Activity:
Repeat the whole listing word for word, skipping pictures.

Dataset excerpts:
_ _ _

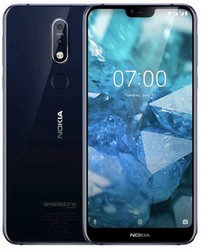 Замена разъема зарядки на телефоне Nokia 7.1 в Нижнем Новгороде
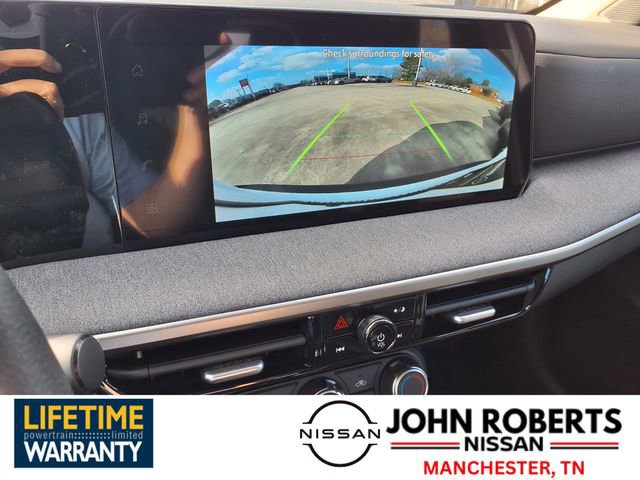 New 2026 Nissan Kicks S image 6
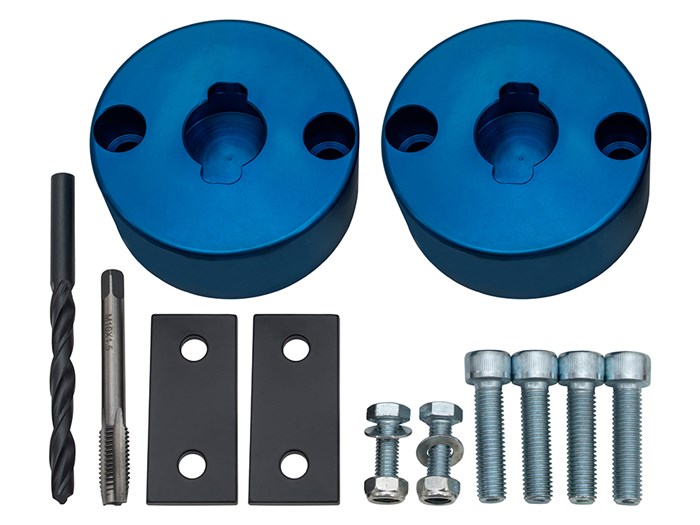 +40mm Spacer Blocks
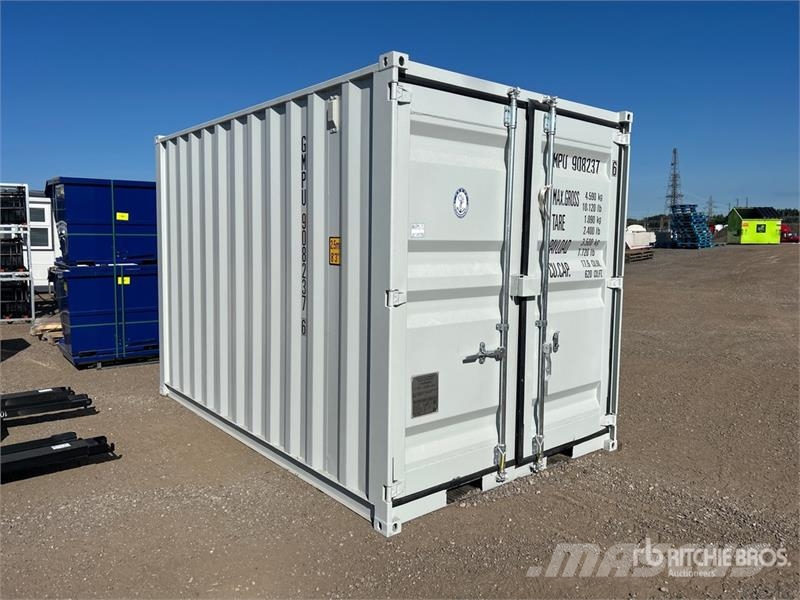 10 ft Storage Container Varastokontit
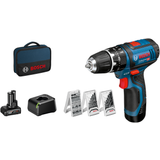 Bosch GSB 12V-15 Cordless Impact Drill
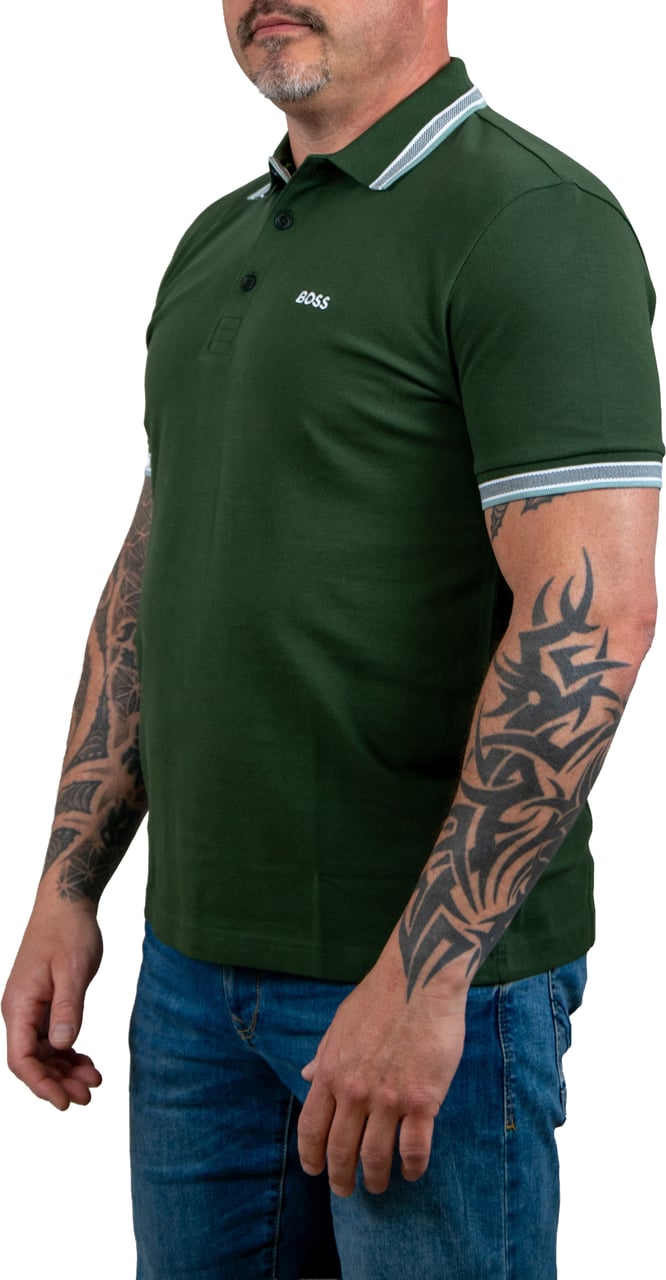 BOSS Paddy Groen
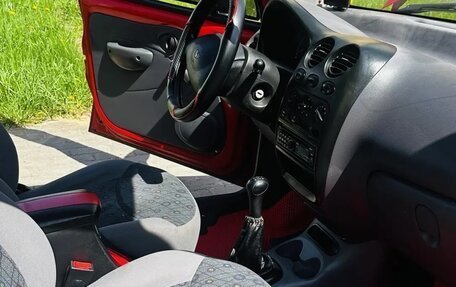 Daewoo Matiz I, 2011 год, 275 000 рублей, 10 фотография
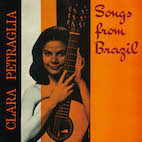 クラーラ・ペトラーリア／ブラジル大衆歌謡の原点（ＣＤ）（特典付）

_ _ _

Exercise result:
 Замена разъема зарядки на телефоне Nokia 7.1 в Нижнем Новгороде
 New 2026 Nissan Kicks S image 6
 +40mm Spacer Blocks
 10 ft Storage Container Varastokontit
 Bosch GSB 12V-15 Cordless Impact Drill
 BOSS Paddy Groen
 Daewoo Matiz I, 2011 год, 275 000 рублей, 10 фотография
 クラーラ・ペトラーリア／ブラジル大衆歌謡の原点（ＣＤ）（特典付）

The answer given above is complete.